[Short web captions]
********************
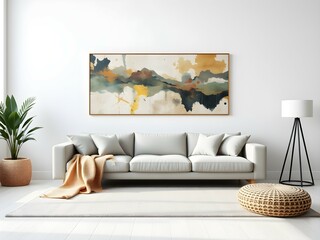 White living room with a sofa and abstract wall painting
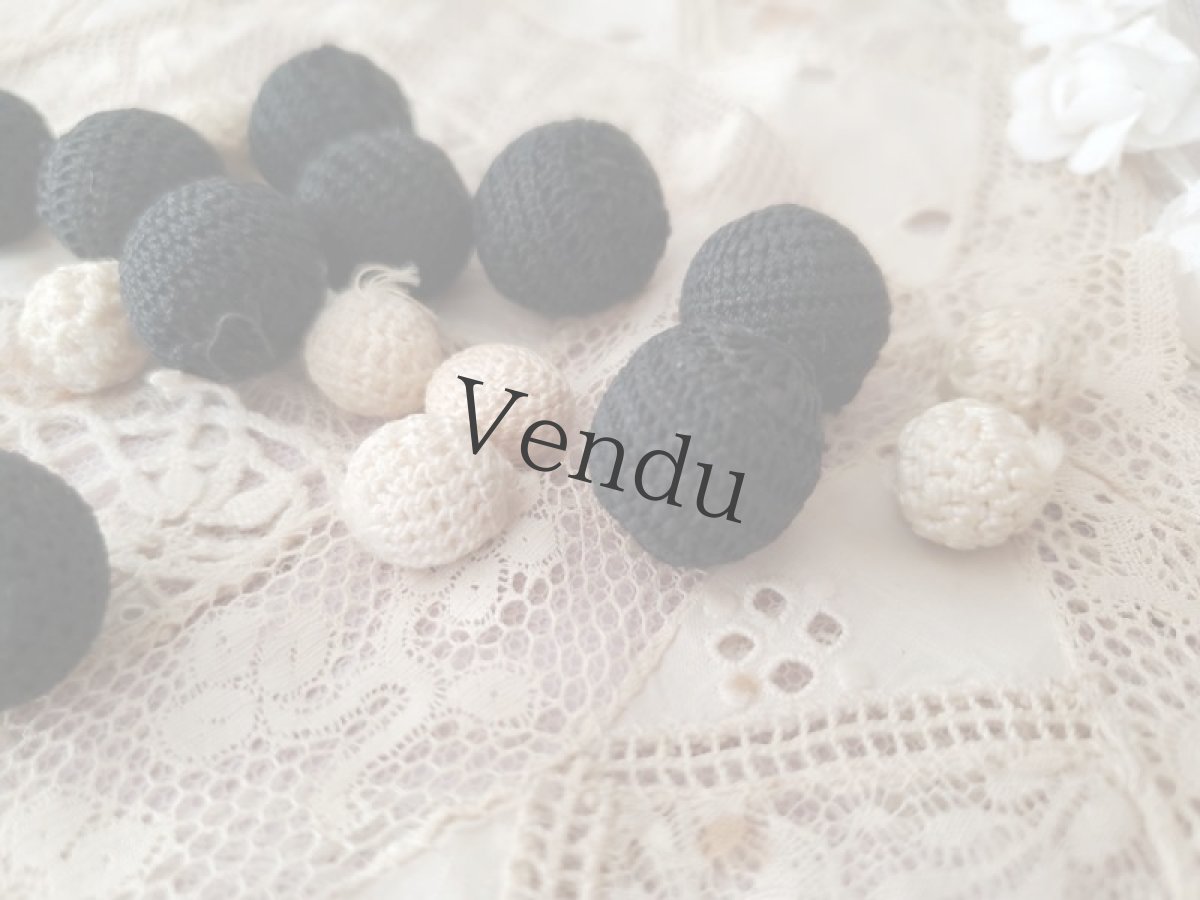 画像5: フランスアンティーク　Pompon白と黒セット  (5)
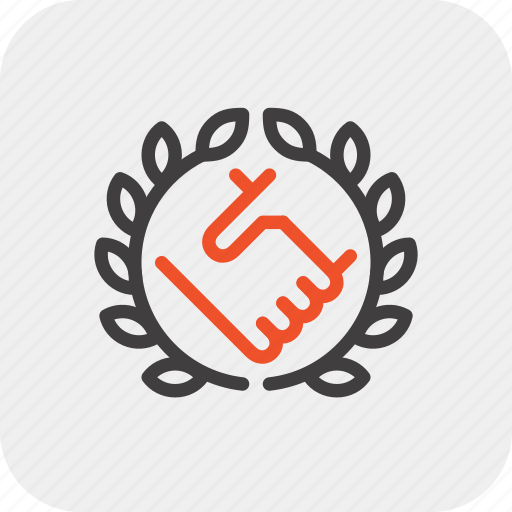 Agreement, deal, global, handshake, international, laurel, wreath icon - Download on Iconfinder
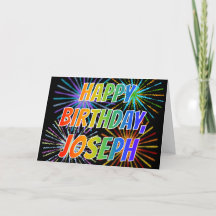 Primeiro nome "JOSEPH" Diversão "FELIZ ANIVERSÁRIO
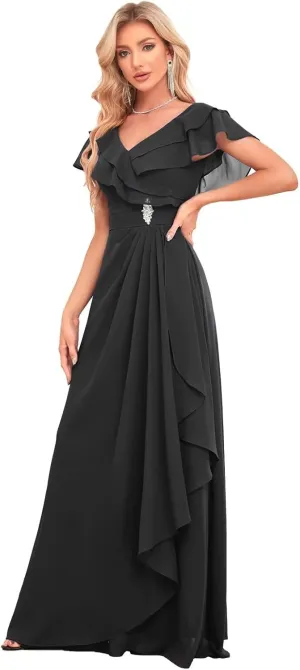 Long Chiffon Bridesmaid Dresses for Women V Neck Flutter Sleeve Pleated Formal Evening Dresses MRX47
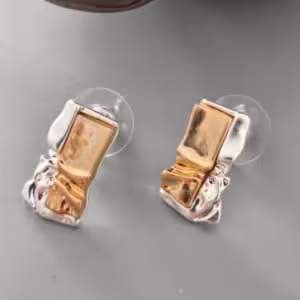 Gold Open Rectangle Stud Earrings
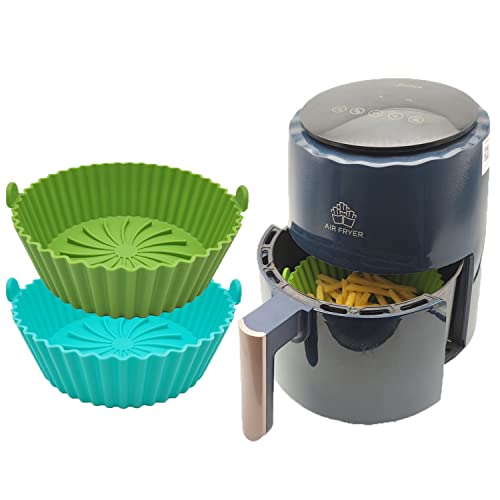 Freidora de aire Reusable Silicona Basket,Olla Accesorios de Silicona para Freidora de Aire,19 cm Non-Stick Silicone Bowl para horno e Microondas,Repuesto para revestimientos de papel (Azul + Verde) Cover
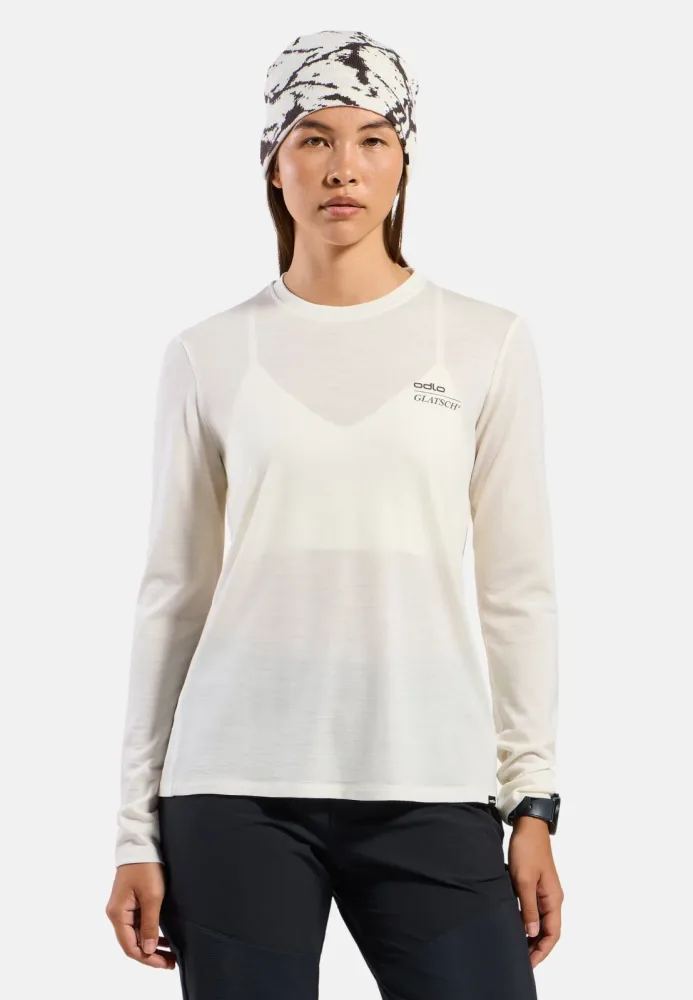 Odlo Merino 200 X Frozen Lake Langarm-Laufshirt für Damen - Wandern, Casual Comfort - grau, XL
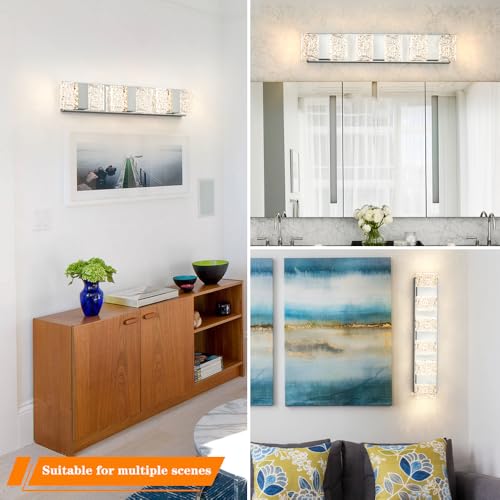 Image of Modern 6-Lights Bathroom Vanity Lighting, Chrome Crystal LED Bathroom Light Fuxtures over Mirror, Art Deco Dimmable Wall Sconce, Crystal Bathroom Light, Acrylic Hardwired Wall Lamp(H4.33in, L22.64in)
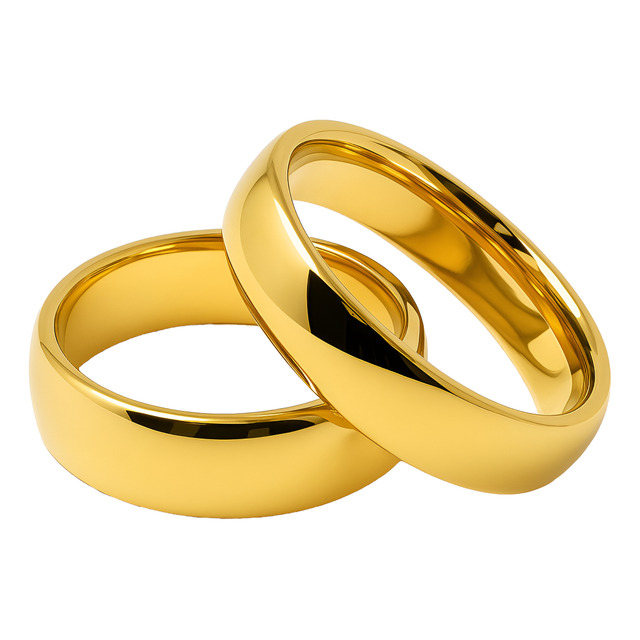 Par De Alianças Ouro 18k Banhada Tradicional Tungstênio 6mm Par De Alianças Ouro 18k Banhada Tradicional Tungstênio 6mm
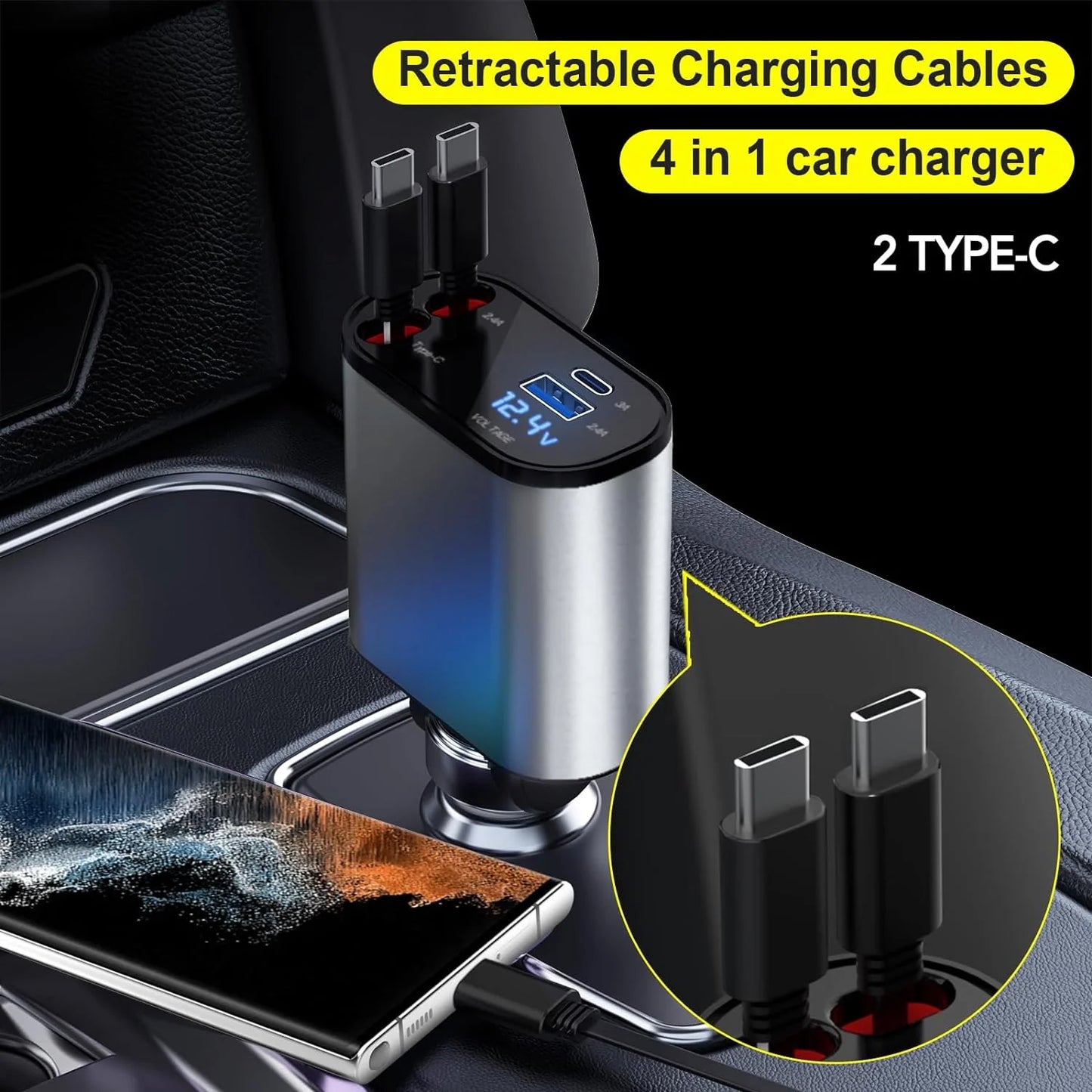 Ultimate 4-in-1 Retractable Fast Car Charger - 66W Power for iPhone 15/14/13/12/11, Galaxy & Pixel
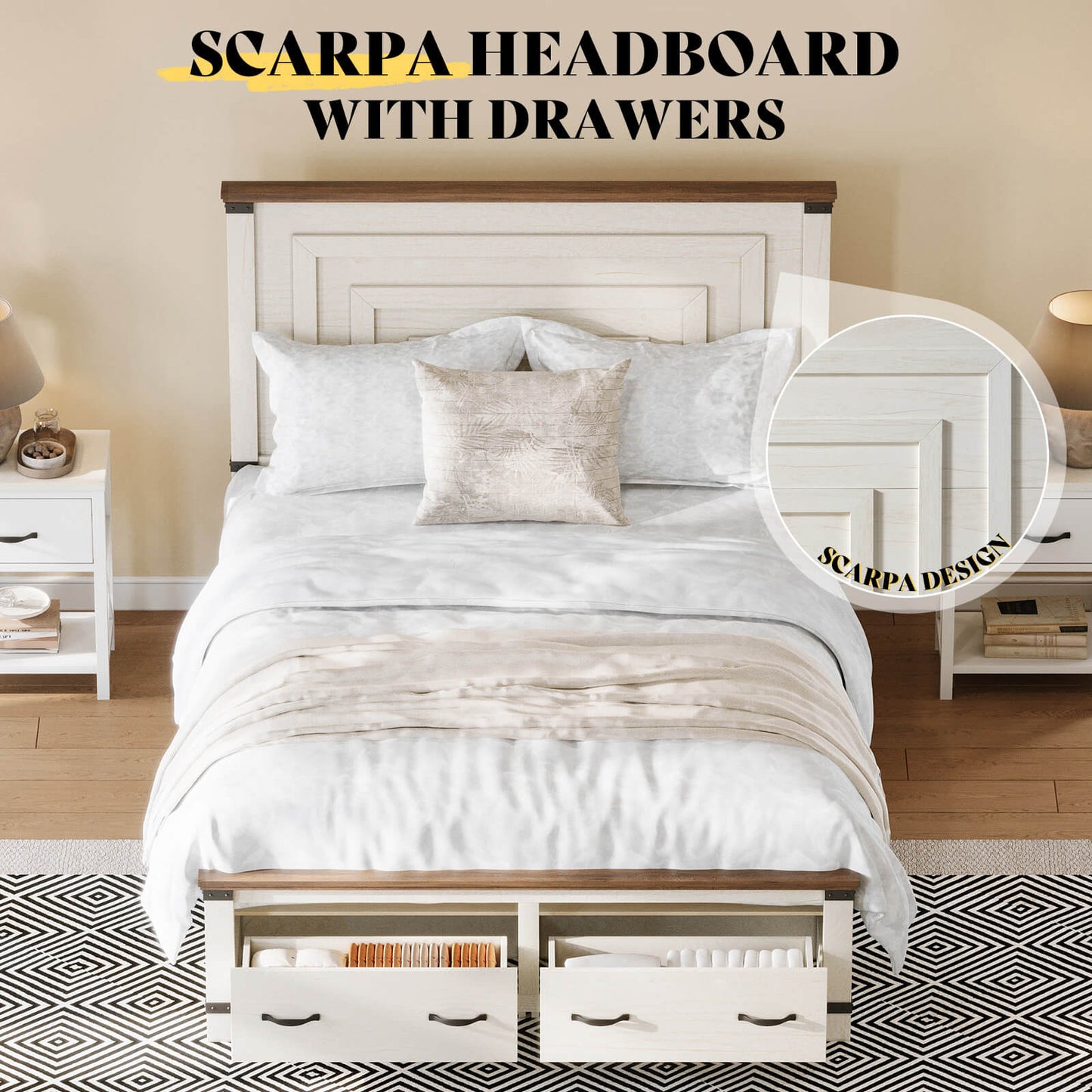 Quin Bed Frame Farmhouse Storage Bed - QueenRusticWhite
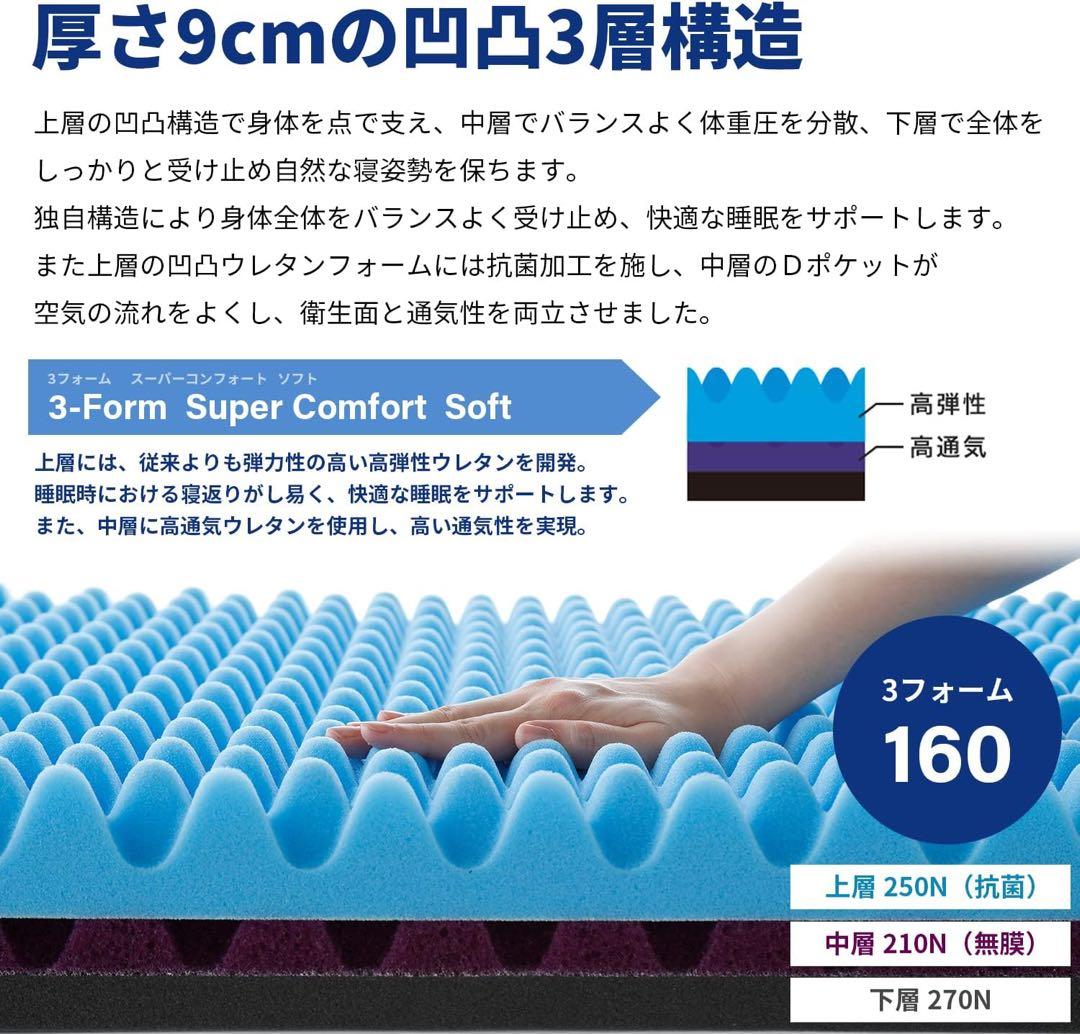 昭和西川 MuAtsu 3層ミドル スーパーコンフォートソフト ムアツマットレス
********************
AIM OF THE TASK:
Though the entries above contain pictures, none should be copied; reproduce only the lines between the one holding "Gold Open Rectangle Stud Earrings" and the one holding "Odlo Merino 200", inclusive, exactly as written.

OUTPUT OF THE EXERCISE:
 Gold Open Rectangle Stud Earrings
 Freidora de aire Reusable Silicona Basket,Olla Accesorios de Silicona para Freidora de Aire,19 cm Non-Stick Silicone Bowl para horno e Microondas,Repuesto para revestimientos de papel (Azul + Verde) Cover
 Odlo Merino 200 X Frozen Lake Langarm-Laufshirt für Damen - Wandern, Casual Comfort - grau, XL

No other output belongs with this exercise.